Harris warns of the complications that can come with this alternatively regulated finance source. “My biggest fear was that we didn’t understand the FSA regulations in terms of raising money from individuals. Around 2010 we approached a firm of accountants and came up with the idea of this chocolate bond. We came up with the idea of getting members from our chocolate club to loan us money, and in return we would give them chocolate. And that’s what they wanted.” 

£2,000 worth of money gave bond holders six boxes of chocolate a year – worth about £20 a box. “They were buying lots of chocolate on a regular basis anyway.

“We selected about eight of our customers in a room and asked them, ‘We’re thinking of raising some money like this… would this be of interest?’ and we got a very positive response. It was positive and people seemed honest. Then we wrote to 1,000 of our members to see if the idea would be well received. This would give us a realistic reading. We got a very good response.“

Another three months went by, and, to be careful, Hotel Chocolat wrote to another 5,000 people. “We got the same result as we did from the first 1,000. One of the things we had very clear was that we wanted to tell our customers what we were going to spend the money on.
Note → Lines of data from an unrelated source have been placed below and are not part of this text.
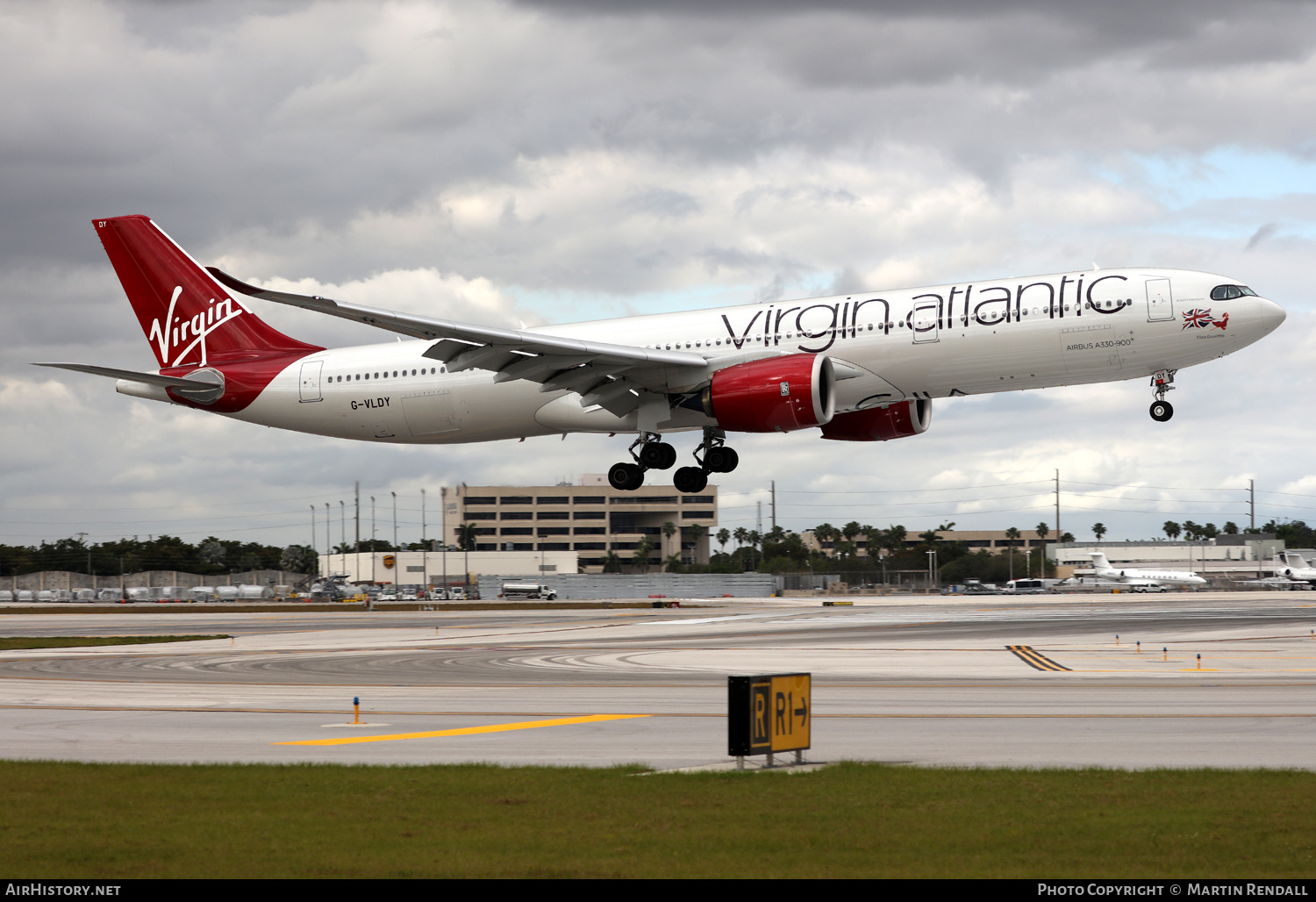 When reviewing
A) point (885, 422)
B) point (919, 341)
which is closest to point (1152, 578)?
point (885, 422)

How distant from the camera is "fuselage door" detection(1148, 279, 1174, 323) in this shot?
3428cm

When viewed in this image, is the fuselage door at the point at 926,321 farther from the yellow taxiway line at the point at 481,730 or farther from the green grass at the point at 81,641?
the green grass at the point at 81,641

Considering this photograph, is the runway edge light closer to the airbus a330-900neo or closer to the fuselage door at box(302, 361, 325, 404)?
the airbus a330-900neo

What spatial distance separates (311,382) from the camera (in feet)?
146

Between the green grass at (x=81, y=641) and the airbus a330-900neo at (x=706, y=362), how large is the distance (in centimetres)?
1053

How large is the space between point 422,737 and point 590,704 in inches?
188

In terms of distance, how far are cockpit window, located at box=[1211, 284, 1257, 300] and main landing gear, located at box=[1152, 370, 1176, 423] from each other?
8.00ft

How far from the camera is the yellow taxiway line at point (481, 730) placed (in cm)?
2003

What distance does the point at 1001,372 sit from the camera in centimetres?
3559

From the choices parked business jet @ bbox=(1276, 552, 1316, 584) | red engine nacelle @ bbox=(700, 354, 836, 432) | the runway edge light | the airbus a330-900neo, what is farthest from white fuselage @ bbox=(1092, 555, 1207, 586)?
the runway edge light

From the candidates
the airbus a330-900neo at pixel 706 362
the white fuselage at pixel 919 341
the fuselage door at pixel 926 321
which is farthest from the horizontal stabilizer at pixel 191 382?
the fuselage door at pixel 926 321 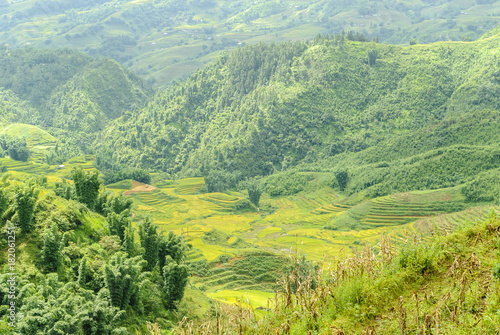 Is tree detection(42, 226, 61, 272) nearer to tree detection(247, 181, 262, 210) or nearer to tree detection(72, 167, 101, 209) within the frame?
tree detection(72, 167, 101, 209)

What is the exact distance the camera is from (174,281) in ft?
79.2

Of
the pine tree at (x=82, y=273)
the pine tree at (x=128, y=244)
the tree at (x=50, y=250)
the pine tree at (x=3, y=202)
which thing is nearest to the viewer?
the pine tree at (x=82, y=273)

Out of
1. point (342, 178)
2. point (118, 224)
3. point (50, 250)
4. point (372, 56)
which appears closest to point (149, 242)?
point (118, 224)

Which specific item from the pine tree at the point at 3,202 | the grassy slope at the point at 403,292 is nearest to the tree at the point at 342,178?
the pine tree at the point at 3,202

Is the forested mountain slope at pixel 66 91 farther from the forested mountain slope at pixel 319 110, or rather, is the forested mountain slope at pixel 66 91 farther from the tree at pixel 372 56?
the tree at pixel 372 56

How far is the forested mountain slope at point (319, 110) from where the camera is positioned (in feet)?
272

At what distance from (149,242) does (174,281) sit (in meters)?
3.28

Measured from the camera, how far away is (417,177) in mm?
63500

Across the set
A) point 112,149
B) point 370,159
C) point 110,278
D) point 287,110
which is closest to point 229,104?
point 287,110

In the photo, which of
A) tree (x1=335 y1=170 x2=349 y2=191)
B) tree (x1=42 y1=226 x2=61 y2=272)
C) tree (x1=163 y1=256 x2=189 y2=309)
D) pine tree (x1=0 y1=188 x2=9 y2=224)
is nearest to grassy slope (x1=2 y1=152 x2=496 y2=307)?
tree (x1=335 y1=170 x2=349 y2=191)

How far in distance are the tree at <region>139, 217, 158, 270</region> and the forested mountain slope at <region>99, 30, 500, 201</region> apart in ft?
166

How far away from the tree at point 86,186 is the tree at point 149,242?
8.29 metres

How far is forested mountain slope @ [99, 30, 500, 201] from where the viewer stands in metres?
82.8

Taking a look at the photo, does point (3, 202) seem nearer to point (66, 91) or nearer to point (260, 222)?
point (260, 222) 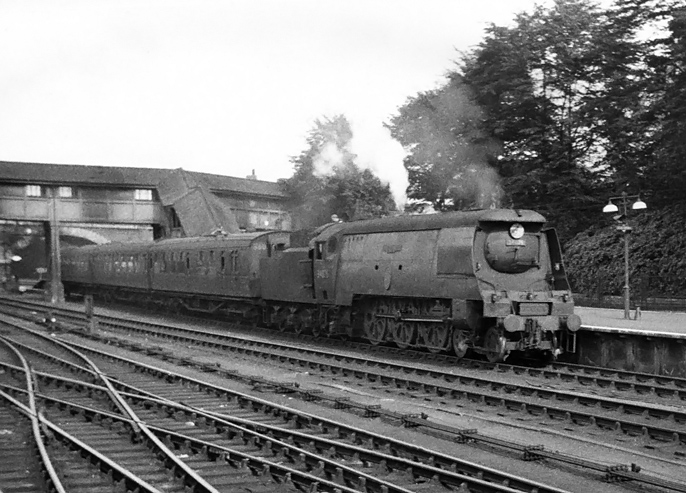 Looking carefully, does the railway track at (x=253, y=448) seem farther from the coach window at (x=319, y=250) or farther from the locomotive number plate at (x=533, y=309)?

We put four things down: creating manufacturing jobs in the UK, developing sustainable cocoa grain in St Lucia, growth of our UK retail store portfolio, and exporting British chocolate.”

Members of the chocolate tasting club received a box of chocolate, and a newsletter, called ‘Chocolate News’ with stories about the business. This included stores they were opening, ethical initiatives across different projects, such as the Ghana initiative.

“Something to understand about this type of funding is that it’s not trade-able. If your business is doing stunningly well, they’re not going to get more than… chocolate. After three years, they get their money back.”

Private bonds are not FSA approved. “It’s outside their scope; this is why you definitely need a lawyer. You need to be careful that you don’t blur it. We made sure not to put forecasts in our chocolate bond document, for example. We showed figures, but they were historics.”

The secret to a successful private bond? It’s not the return. “I think people generally liked our business. They responded to our product, ethical stance, innovation. It made them think, ‘I want to support this.’ I think virtually nobody went in on the purpose of the interest rate. If you like a business, you want to support it – genuinely, because people want to see these businesses for years to come. Our customers wanted to be part of the bigger story,”

Hotel Chocolat initially raised £3.7m through the chocolate bond. “We thought we ought to raise that amount of money. But it’s nothing until you’ve got it.

“For doing this, you need to think: are you directly in touch with your customers? Perhaps the most powerful thing about Hotel Chocolat is that we have a direct relationship with our customers. We have the ability to contact them. If you’re in a different situation, and have no direct connection, you have to somehow find that.”